Extracted records:

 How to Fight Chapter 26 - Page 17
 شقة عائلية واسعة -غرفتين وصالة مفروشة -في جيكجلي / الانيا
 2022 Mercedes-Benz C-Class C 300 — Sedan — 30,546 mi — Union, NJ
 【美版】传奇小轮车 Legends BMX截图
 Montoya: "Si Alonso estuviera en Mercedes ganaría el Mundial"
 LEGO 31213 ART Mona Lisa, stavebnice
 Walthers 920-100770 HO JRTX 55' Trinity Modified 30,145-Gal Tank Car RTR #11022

--

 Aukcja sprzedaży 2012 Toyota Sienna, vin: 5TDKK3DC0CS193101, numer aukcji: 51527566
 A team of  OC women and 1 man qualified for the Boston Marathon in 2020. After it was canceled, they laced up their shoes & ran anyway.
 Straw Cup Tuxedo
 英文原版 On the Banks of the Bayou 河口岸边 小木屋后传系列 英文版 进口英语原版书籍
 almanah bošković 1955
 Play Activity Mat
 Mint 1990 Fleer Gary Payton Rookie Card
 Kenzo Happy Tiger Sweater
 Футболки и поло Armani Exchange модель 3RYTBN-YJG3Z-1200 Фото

◆ **WORK TO BE COMPLETED**: Please filter the entries for the word "Mercedes" and copy the lines that have it.

◆ **TASK ANSWER**:
 2022 Mercedes-Benz C-Class C 300 — Sedan — 30,546 mi — Union, NJ
 Montoya: "Si Alonso estuviera en Mercedes ganaría el Mundial"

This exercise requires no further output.